# Possible Need of Overclock (with Speedfan Temperatures)



## nurr (Aug 21, 2009)

I'm trying to configured if my computer temperatures are appropriate or if I should add another fan or not. I removed one fan today and replaced it with another, I know one of the fans said 12V on it but the others have little LED lights and don't say anything as for specs go. In any case I'm wondering if overclocking my computer might help with performance and/or temperature.


Computer Specs:

============================

Windows XP Professional version 2002 SPK3
ACPI Uniprocessor PC
AMD Athlon 64 Processor
3000+
1.99 GHz, 2.00 GB of RAM
nVidia GeForce 8400 GS
250 GB main drive
80 GB slave
80 GB slave
(One empty slot, may be filled by a 40 at a later date)

So as you can see, it's a nice sized tower and it's pretty packed. I have three fans that I added myself, blowing air at the hard drives,one blowing out at the bottom, and a huge fan attached to the tower blowing air out, and the processor fan that has a plastic funnel that blows the air out.

These are my speedfan readings, going from Idle-Working:

Working meaning I ran Guild Wars and Black and White II simultaneously.
==============================

Temp1: 33C-37C
Temp2: 50C-54C
Temp3: 11C-13C
HD0: 39C-41C
HD1: 46C-49C
HD2: 43C-47C
Core: 55C-57C
GPU: 61C-68C
Core: 61C-68C

The picture below is from Idle to Gaming, using only Black and White since I added the new fan:










With that in mind, I have my computer back facing the AC for convinenace sake. So if you're wondering how that affects my PC minus about 10-15 degress C. Core and GPU runs at 48C with the air conditioner on.

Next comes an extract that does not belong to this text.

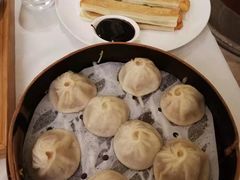 精品小笼-知味观(湖滨总店)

So please tell me these things:

1.) If you believe something is too hot
2.) where and how to make improvements
3.) where I should put my next fan
4.) if I should add a fan with two already added
5.) if there's any other advice you'd like to give me
6.) Will overclocking help me

Upon reading nVidia forums, they say that my graphics card is suppose to run hot, and that 60C is chilly. However if you believe different, I still want to hear your opinion. The fan in the graphics card I have now is known to burn out from time to time, and I want to do my best to prevent it. The fan usually burns out when 80C is reached at a constant gameplay or so I'm told.


----------



## greenbrucelee (Apr 24, 2007)

nurr said:


> I'm trying to configured if my computer temperatures are appropriate or if I should add another fan or not. I removed one fan today and replaced it with another, I know one of the fans said 12V on it but the others have little LED lights and don't say anything as for specs go. In any case I'm wondering if overclocking my computer might help with performance and/or temperature.
> 
> 
> Computer Specs:
> ...


1. download real temp and don't use speed fan to read temps its for telling you how fast your fans are running (set the setting called TJ max to 95)
2. Real temp will tell you how hot things are when idle also run it in the background when running prime 95 to determin your top temperatures
3. add as many fans as you want, the more you have the cooler things will be but it will be noisier.
4. overclocking will make things hotter so if you want your system to be cool and overclock it then you will have to add more fans or don't overclock it and keep it as it is.
6. 60 degrees is okj for that graphics card although more fans will cool it better.


----------



## nurr (Aug 21, 2009)

greenbrucelee said:


> 1. download real temp and don't use speed fan to read temps its for telling you how fast your fans are running (set the setting called TJ max to 95)
> 2. Real temp will tell you how hot things are when idle also run it in the background when running prime 95 to determin your top temperatures
> 3. add as many fans as you want, the more you have the cooler things will be but it will be noisier.
> 4. overclocking will make things hotter so if you want your system to be cool and overclock it then you will have to add more fans or don't overclock it and keep it as it is.
> 6. 60 degrees is okj for that graphics card although more fans will cool it better.



*
EDIT:

You should probably read my stats again.

that program doesn't support my processor :\*

I'll take your advice. Thanks for giving some to me! I'm good at replacing and adding hardware and some minor bits of software but I'm still a noob ;P

Will add that program now!


----------



## Phædrus241 (Mar 28, 2009)

Those temperatures are fine, even if SpeedFan is off by 10C (which it can be sometimes).


----------



## greenbrucelee (Apr 24, 2007)

well get core temp then although I never knew real temp only works on Intel CPUs


----------